**WHAT IS REQUIRED:** Copy out exactly the lines below that run from the one holding "Pottery ashtray with" to the one holding "Eine Frau mit", keeping both of those lines and no others.

----- GIVEN DATA

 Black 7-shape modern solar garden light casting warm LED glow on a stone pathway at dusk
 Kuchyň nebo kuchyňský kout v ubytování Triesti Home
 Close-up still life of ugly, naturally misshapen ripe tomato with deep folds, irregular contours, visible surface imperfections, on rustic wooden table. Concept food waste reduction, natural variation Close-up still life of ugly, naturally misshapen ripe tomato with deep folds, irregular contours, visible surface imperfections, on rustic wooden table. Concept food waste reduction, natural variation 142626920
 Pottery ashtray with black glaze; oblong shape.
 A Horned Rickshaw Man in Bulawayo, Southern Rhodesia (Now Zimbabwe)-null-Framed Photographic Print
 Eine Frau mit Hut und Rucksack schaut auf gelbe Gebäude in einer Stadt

----------
----- GIVEN DATA

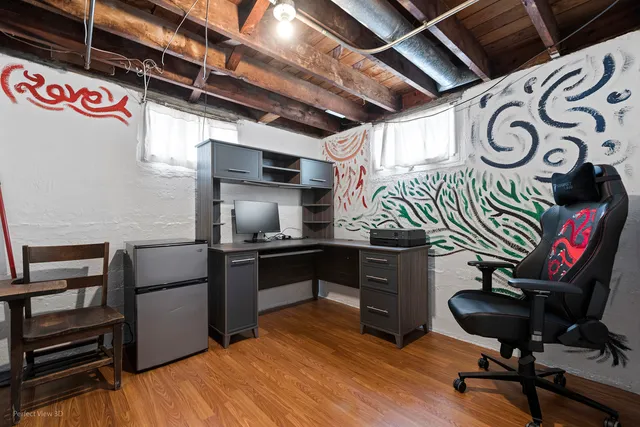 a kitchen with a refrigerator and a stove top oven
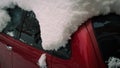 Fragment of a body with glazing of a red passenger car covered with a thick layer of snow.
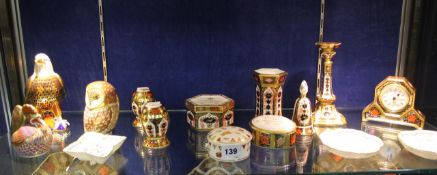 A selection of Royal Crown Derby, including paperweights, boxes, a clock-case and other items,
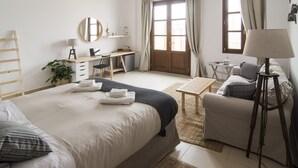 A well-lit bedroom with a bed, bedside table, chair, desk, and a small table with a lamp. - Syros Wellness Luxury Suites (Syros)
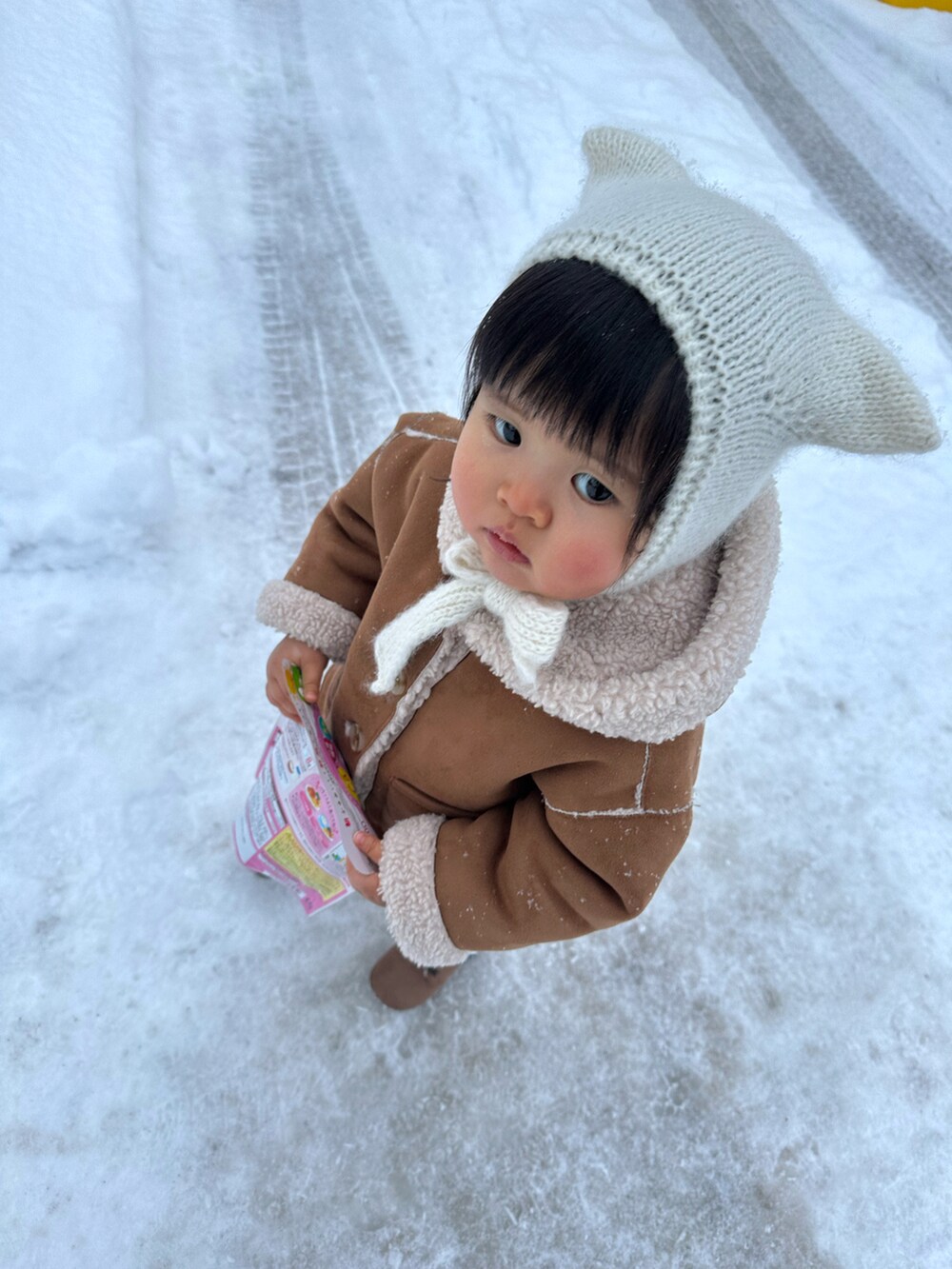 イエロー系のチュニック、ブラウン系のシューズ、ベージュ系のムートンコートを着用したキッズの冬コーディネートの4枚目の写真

----------
----- GIVEN DATA

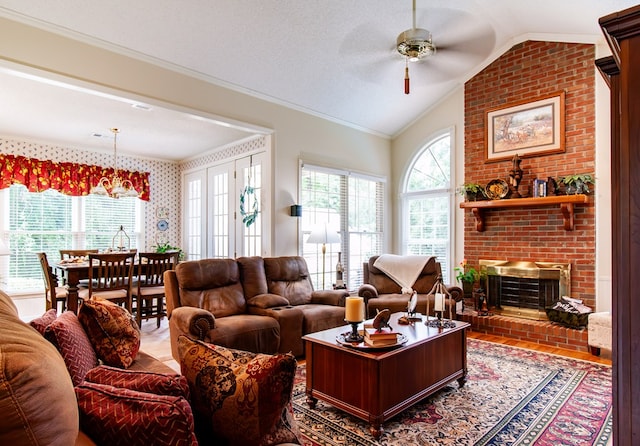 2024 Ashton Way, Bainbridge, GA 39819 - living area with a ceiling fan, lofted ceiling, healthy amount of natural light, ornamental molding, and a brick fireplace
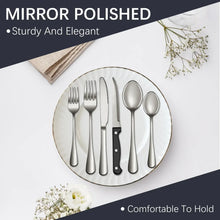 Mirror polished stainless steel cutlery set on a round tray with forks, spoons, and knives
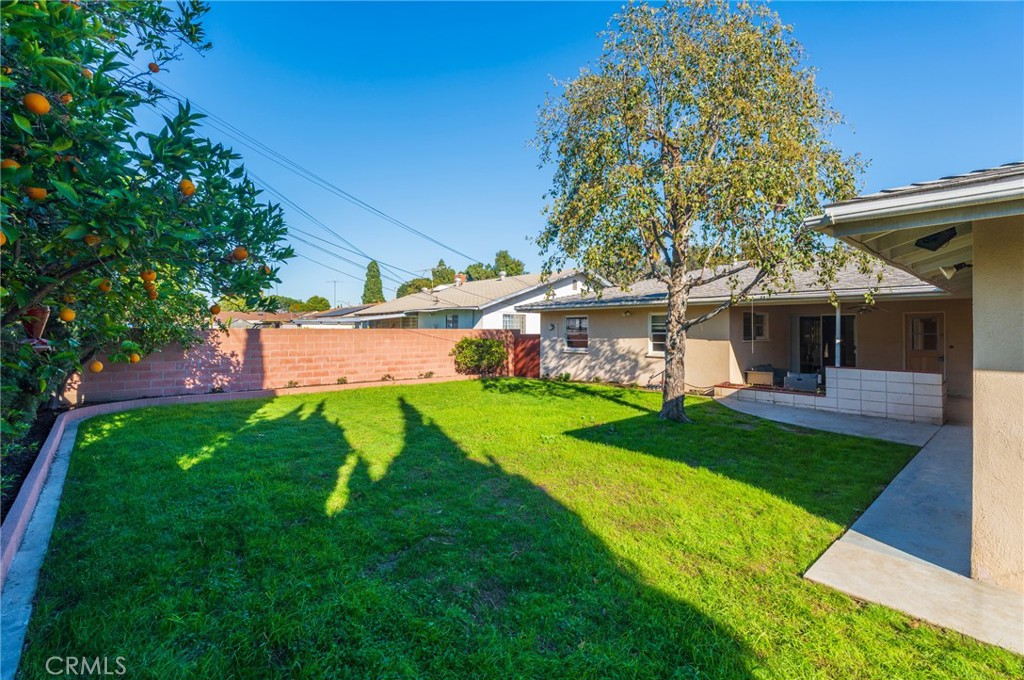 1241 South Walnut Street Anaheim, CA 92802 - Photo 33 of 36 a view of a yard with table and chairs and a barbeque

----------

**TASK OUTPUT:**
 Pottery ashtray with black glaze; oblong shape.
 A Horned Rickshaw Man in Bulawayo, Southern Rhodesia (Now Zimbabwe)-null-Framed Photographic Print
 Eine Frau mit Hut und Rucksack schaut auf gelbe Gebäude in einer Stadt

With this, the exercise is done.